Due to his salary being fully guaranteed in 2017 and the prorated bonus money on his contract Wilkerson cannot be cut in 2017 without the Jets suffering a large salary cap hit of $8.8 million. Wilkerson is essentially uncuttable until 2018 at the earliest. He is also difficult to trade until 2018; trading Wilkerson in 2017 would get his guaranteed base salary off the books but would leave the Jets with $12 million of salary cap on the books for Wilkerson but no Wilkerson on the roster. That's not a particularly desirable result. Thus trading Wilkerson before 2018 is problematic.
For 2018 Wilkerson's contract has $16.75 million in non-guaranteed base salary, a $250,000 workout bonus and $3 million in prorated bonus money for a whopping $20 million cap hit. The $16.75 million in base salary will become fully guaranteed if Wilkerson is on the Jets roster on the 3rd day of the 2018 league year. To my knowledge the 2018 league calendar has not been finalized yet, but we do have all important dates for the 2017 NFL league year, and the 2018 dates, while slightly different, should be very close to the same, so we'll just use the 2017 dates to give you an idea of how this will work.
Wilkerson's guaranteed base salary clause for the 2018 season presents the Jets with something of a dilemma. The Jets need to decide if they want to continue to commit to Wilkerson on or before the 3rd day of the 2018 league year, which will be March 11, 2018 (again, all dates here are actually 2017 league year dates, but we'll use them as if they applied to 2018). The 2018 league year will begin March 9, 2018.
Now let's examine three possible scenarios with respect to Wilkerson's level of play going forward. Of course this is a gross oversimplification, but it should serve to illustrate the basic issues the Jets are presented with.
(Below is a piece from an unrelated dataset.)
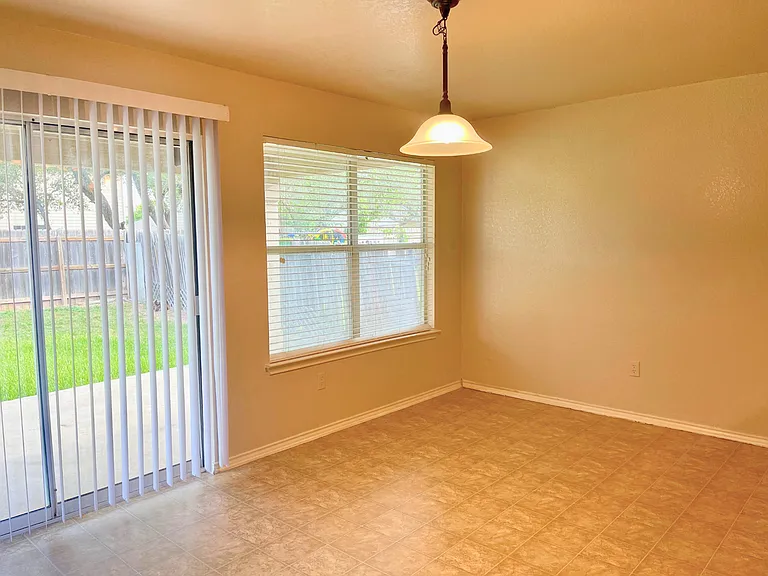 6031 Kensinger Pass — Photo 6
First, Muhammad Wilkerson might continue to struggle badly throughout the 2017 season. This case is basically a no brainer decision for the Jets. If Wilkerson continues to struggle there will be no trade market for him in 2017 since any trading partner would be taking on the large base salaries on his contract for a player who isn't close to worth what he is being paid. In this case the Jets would cut Muhammad Wilkerson on the first day of the 2018 season, March 9, 2018, to avoid having his salary become fully guaranteed for 2018. That would leave the Jets with $9 million in dead money in 2018 and no Wilkerson, not exactly a great deal, but it's better than being tied to a terrible Wilkerson contract for another year.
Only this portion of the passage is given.